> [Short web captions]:
- - - - - - -
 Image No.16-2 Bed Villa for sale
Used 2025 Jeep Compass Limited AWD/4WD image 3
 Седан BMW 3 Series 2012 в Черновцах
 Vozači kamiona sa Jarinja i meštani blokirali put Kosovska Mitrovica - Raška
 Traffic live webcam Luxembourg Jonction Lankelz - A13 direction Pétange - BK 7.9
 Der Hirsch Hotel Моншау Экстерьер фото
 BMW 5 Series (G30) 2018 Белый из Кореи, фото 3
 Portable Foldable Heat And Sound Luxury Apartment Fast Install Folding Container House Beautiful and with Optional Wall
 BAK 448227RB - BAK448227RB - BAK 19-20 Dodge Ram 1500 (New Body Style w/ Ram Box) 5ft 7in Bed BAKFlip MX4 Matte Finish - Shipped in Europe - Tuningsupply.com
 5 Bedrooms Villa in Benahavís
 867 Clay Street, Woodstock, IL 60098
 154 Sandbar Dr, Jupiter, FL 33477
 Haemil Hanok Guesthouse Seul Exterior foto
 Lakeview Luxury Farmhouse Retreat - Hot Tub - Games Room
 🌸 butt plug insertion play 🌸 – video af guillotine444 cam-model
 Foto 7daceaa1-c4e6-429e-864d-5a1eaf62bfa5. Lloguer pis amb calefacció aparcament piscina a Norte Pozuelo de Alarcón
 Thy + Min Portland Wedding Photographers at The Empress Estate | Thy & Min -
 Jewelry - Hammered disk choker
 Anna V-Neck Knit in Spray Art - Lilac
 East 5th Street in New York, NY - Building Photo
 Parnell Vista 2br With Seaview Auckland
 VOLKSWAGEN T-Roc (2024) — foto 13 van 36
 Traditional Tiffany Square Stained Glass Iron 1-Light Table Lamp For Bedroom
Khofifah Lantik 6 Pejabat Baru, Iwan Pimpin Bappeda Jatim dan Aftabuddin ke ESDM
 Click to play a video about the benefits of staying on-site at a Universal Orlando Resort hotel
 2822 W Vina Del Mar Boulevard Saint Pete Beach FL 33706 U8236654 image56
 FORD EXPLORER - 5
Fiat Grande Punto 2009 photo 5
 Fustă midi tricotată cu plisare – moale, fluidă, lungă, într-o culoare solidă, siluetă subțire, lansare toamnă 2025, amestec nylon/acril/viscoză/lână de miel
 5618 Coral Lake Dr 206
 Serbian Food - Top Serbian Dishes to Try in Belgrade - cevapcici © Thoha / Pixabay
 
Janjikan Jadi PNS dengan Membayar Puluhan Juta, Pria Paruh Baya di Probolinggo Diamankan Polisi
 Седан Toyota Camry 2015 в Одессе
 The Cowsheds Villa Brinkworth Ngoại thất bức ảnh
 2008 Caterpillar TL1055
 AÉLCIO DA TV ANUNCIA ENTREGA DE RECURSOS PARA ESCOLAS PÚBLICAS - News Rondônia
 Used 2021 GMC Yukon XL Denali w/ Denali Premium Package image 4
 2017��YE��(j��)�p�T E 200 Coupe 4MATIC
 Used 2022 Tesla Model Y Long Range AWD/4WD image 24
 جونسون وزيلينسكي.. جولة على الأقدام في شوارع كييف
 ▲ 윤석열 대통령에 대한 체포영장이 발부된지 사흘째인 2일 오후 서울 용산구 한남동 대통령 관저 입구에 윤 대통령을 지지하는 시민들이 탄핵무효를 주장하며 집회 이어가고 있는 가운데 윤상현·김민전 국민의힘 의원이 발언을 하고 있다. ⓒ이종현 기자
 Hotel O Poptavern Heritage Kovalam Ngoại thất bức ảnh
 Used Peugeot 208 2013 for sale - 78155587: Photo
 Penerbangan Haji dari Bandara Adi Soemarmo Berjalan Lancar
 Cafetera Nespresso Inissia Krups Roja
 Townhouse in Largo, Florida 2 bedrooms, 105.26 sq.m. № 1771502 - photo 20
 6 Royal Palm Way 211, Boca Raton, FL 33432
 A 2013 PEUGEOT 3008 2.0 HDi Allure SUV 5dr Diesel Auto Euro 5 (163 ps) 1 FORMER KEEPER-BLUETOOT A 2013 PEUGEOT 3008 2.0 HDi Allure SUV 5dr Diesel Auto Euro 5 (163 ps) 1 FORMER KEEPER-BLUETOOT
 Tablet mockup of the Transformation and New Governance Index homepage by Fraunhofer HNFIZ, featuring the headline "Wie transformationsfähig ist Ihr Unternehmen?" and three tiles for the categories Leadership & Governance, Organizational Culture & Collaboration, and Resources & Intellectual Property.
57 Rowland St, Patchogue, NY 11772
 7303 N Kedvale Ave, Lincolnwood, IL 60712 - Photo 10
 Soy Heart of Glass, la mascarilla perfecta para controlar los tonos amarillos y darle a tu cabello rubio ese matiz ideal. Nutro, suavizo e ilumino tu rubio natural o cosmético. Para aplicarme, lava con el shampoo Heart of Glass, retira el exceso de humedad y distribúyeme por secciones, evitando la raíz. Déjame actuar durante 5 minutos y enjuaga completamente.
- - - - - - -
> [Task to complete]: All the lines above must appear again in the answer, word for word.

> [Task solution]:
 Image No.16-2 Bed Villa for sale
Used 2025 Jeep Compass Limited AWD/4WD image 3
 Седан BMW 3 Series 2012 в Черновцах
 Vozači kamiona sa Jarinja i meštani blokirali put Kosovska Mitrovica - Raška
 Traffic live webcam Luxembourg Jonction Lankelz - A13 direction Pétange - BK 7.9
 Der Hirsch Hotel Моншау Экстерьер фото
 BMW 5 Series (G30) 2018 Белый из Кореи, фото 3
 Portable Foldable Heat And Sound Luxury Apartment Fast Install Folding Container House Beautiful and with Optional Wall
 BAK 448227RB - BAK448227RB - BAK 19-20 Dodge Ram 1500 (New Body Style w/ Ram Box) 5ft 7in Bed BAKFlip MX4 Matte Finish - Shipped in Europe - Tuningsupply.com
 5 Bedrooms Villa in Benahavís
 867 Clay Street, Woodstock, IL 60098
 154 Sandbar Dr, Jupiter, FL 33477
 Haemil Hanok Guesthouse Seul Exterior foto
 Lakeview Luxury Farmhouse Retreat - Hot Tub - Games Room
 🌸 butt plug insertion play 🌸 – video af guillotine444 cam-model
 Foto 7daceaa1-c4e6-429e-864d-5a1eaf62bfa5. Lloguer pis amb calefacció aparcament piscina a Norte Pozuelo de Alarcón
 Thy + Min Portland Wedding Photographers at The Empress Estate | Thy & Min -
 Jewelry - Hammered disk choker
 Anna V-Neck Knit in Spray Art - Lilac
 East 5th Street in New York, NY - Building Photo
 Parnell Vista 2br With Seaview Auckland
 VOLKSWAGEN T-Roc (2024) — foto 13 van 36
 Traditional Tiffany Square Stained Glass Iron 1-Light Table Lamp For Bedroom
Khofifah Lantik 6 Pejabat Baru, Iwan Pimpin Bappeda Jatim dan Aftabuddin ke ESDM
 Click to play a video about the benefits of staying on-site at a Universal Orlando Resort hotel
 2822 W Vina Del Mar Boulevard Saint Pete Beach FL 33706 U8236654 image56
 FORD EXPLORER - 5
Fiat Grande Punto 2009 photo 5
 Fustă midi tricotată cu plisare – moale, fluidă, lungă, într-o culoare solidă, siluetă subțire, lansare toamnă 2025, amestec nylon/acril/viscoză/lână de miel
 5618 Coral Lake Dr 206
 Serbian Food - Top Serbian Dishes to Try in Belgrade - cevapcici © Thoha / Pixabay
 
Janjikan Jadi PNS dengan Membayar Puluhan Juta, Pria Paruh Baya di Probolinggo Diamankan Polisi
 Седан Toyota Camry 2015 в Одессе
 The Cowsheds Villa Brinkworth Ngoại thất bức ảnh
 2008 Caterpillar TL1055
 AÉLCIO DA TV ANUNCIA ENTREGA DE RECURSOS PARA ESCOLAS PÚBLICAS - News Rondônia
 Used 2021 GMC Yukon XL Denali w/ Denali Premium Package image 4
 2017��YE��(j��)�p�T E 200 Coupe 4MATIC
 Used 2022 Tesla Model Y Long Range AWD/4WD image 24
 جونسون وزيلينسكي.. جولة على الأقدام في شوارع كييف
 ▲ 윤석열 대통령에 대한 체포영장이 발부된지 사흘째인 2일 오후 서울 용산구 한남동 대통령 관저 입구에 윤 대통령을 지지하는 시민들이 탄핵무효를 주장하며 집회 이어가고 있는 가운데 윤상현·김민전 국민의힘 의원이 발언을 하고 있다. ⓒ이종현 기자
 Hotel O Poptavern Heritage Kovalam Ngoại thất bức ảnh
 Used Peugeot 208 2013 for sale - 78155587: Photo
 Penerbangan Haji dari Bandara Adi Soemarmo Berjalan Lancar
 Cafetera Nespresso Inissia Krups Roja
 Townhouse in Largo, Florida 2 bedrooms, 105.26 sq.m. № 1771502 - photo 20
 6 Royal Palm Way 211, Boca Raton, FL 33432
 A 2013 PEUGEOT 3008 2.0 HDi Allure SUV 5dr Diesel Auto Euro 5 (163 ps) 1 FORMER KEEPER-BLUETOOT A 2013 PEUGEOT 3008 2.0 HDi Allure SUV 5dr Diesel Auto Euro 5 (163 ps) 1 FORMER KEEPER-BLUETOOT
 Tablet mockup of the Transformation and New Governance Index homepage by Fraunhofer HNFIZ, featuring the headline "Wie transformationsfähig ist Ihr Unternehmen?" and three tiles for the categories Leadership & Governance, Organizational Culture & Collaboration, and Resources & Intellectual Property.
57 Rowland St, Patchogue, NY 11772
 7303 N Kedvale Ave, Lincolnwood, IL 60712 - Photo 10
 Soy Heart of Glass, la mascarilla perfecta para controlar los tonos amarillos y darle a tu cabello rubio ese matiz ideal. Nutro, suavizo e ilumino tu rubio natural o cosmético. Para aplicarme, lava con el shampoo Heart of Glass, retira el exceso de humedad y distribúyeme por secciones, evitando la raíz. Déjame actuar durante 5 minutos y enjuaga completamente.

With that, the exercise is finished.